What I don't know is when is it safe to go out to somewhere they could deal with an emergency like a blood clot but not redo surgery. I have been told 3 months, 6 weeks and 4 weeks by different people. Plus when will I have energy to work full time after operation and go home cook etc. The head surgeon also told me I will look rubbish after the op and it won't improve anything appearance wise. This concerns me as that is the main purpose. Now I am back to pre cancer weight and normal BMI the only thing with my appearance I dislike is the 1 breast. I also don't want any swimming issues. I may well not be able to have stage 2 surgery.
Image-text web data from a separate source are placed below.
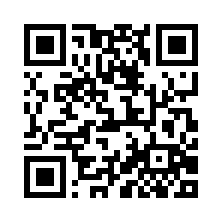 QR Code for 124JVSkybTpQbnbWEFpGDcmTfRaDp3kNhb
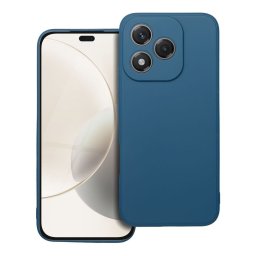 Capa Mate para Telemóvel Honor 400 Lite blue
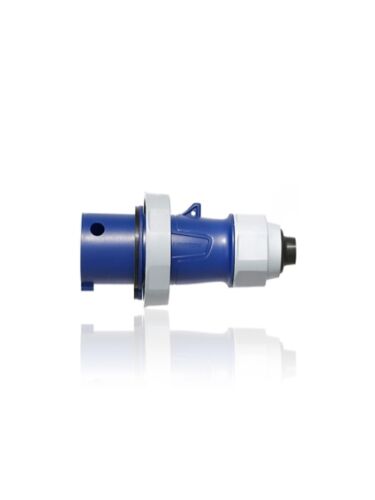 20a-plug-alternateclamp-blue-1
I do wish they had just done it before as now I see all the surgery gone wrong pics.

Trying not to think about it but will need to make a decision as affects start date. Half of me feels like taking the date they've given then at 8am on that day say sorry I need to cancel, this hurts me as much as it hurts you but it doesn't matter as its elective. Sorry I had to prioritise other things. Won't do that obviously.
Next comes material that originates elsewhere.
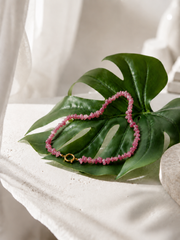 Collana Aura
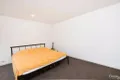 Property photo of 402/7 Warrs Avenue Preston VIC 3072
On the plus side my garden is looking great as every time I get stressed I do gardening.

@dotty2 glad the funeral went as well as it can be.
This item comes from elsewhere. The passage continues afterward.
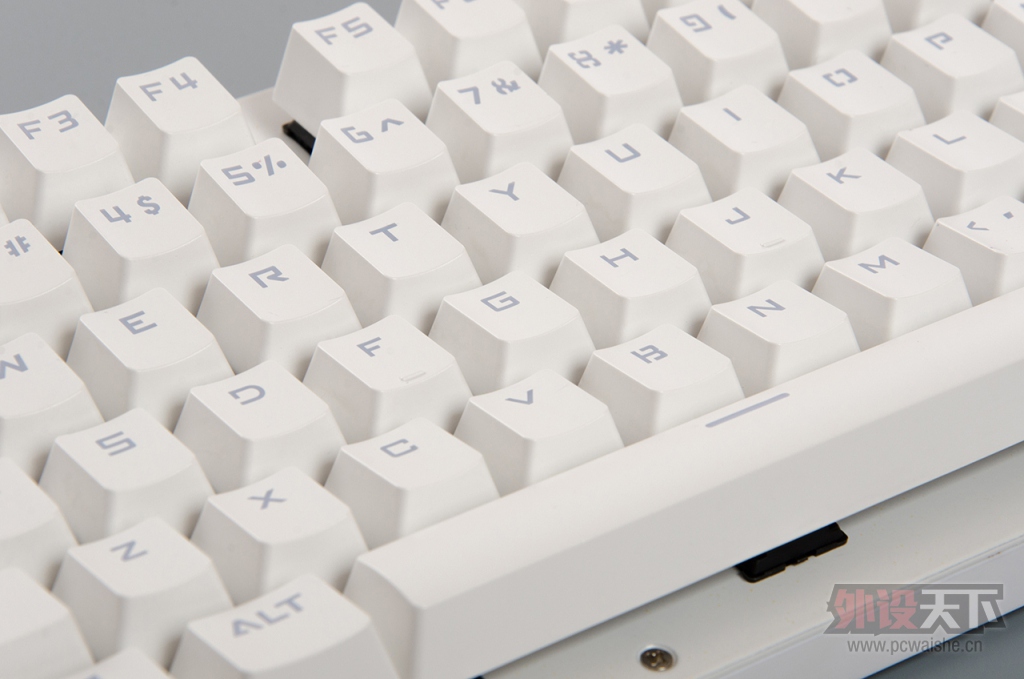 ������žž���Լ������Ҽ���������Ī��K002��ʰ�ɫ��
@penguinisa sorry you're having to face this. I find uncertainty and contingencies very stressful!

After a busy and somewhat manic summer I'm looking forward to getting back into a routine in the autumn. I've done lots of really awesome things but it hasn't come without it's stress and pressures so I'm looking forward to indulging in some simple pleasures

DP decided that for my birthday back in July he was going to turn the wasteland out back that we previously used for car parking into a garden...so we now have it fenced off, a patio and a lawn and lots of room for growing things! Well, we will hopefully have a lawn when it grows. We've shifted five tonnes of soil in the past two days so I'm definitely achy, but good achy!

Thanks Clash Well done with the gardening. Its lovely seeing a garden improve. I think we will be out in ours again tonight. It could be what is making me achy too though maybe on-off Tamoxifen, as long as its not cancer its OK. I think its too widespread to be anything bad but will feel better when it goes.

I asked on DIEP site about operation, recovery time and time back to full-time work, time safe from complications and pretty much everyone was saying 3 months for my situation which will be tricky now its been cancelled twice and they are saying at least a 6 week delay from last cancelled one. But I have got a responses from the nurses on the team, surgeons seem not around until next week, one is off 3 days of next week, more senior one. They at least seem to have understood the issues. Though I mentioned it to the one surgeon before and he said fine to go out after 4 weeks when its clearly not. I am still doing checks with job anyway though think there will be news imminently though atm the delays help in a way. I was also told on the diep group delayed implants aren't an option in the UK unless you were given things at time of mastectomy. I just wish hospital would tell you things like that and also mention it pre mastectomy. I did mention it briefly at cancelled surgery and they did say they thought implants may not be possible due to lack of skin and then surgeon said no you don't want that you want DIEP. Though even if they could do implants I don't know what I would do in job if there was an issue with implants, that also may be back to UK. So implants look ruled out. Strange thing is though I do remember having a meeting about 4 months after radio with team which does implants and them saying it could be possible I thought but seemed to involve going there so many times. Its also a different waiting list and different staff.

Boiler got pretty much repaired yesterday, just one plug to add.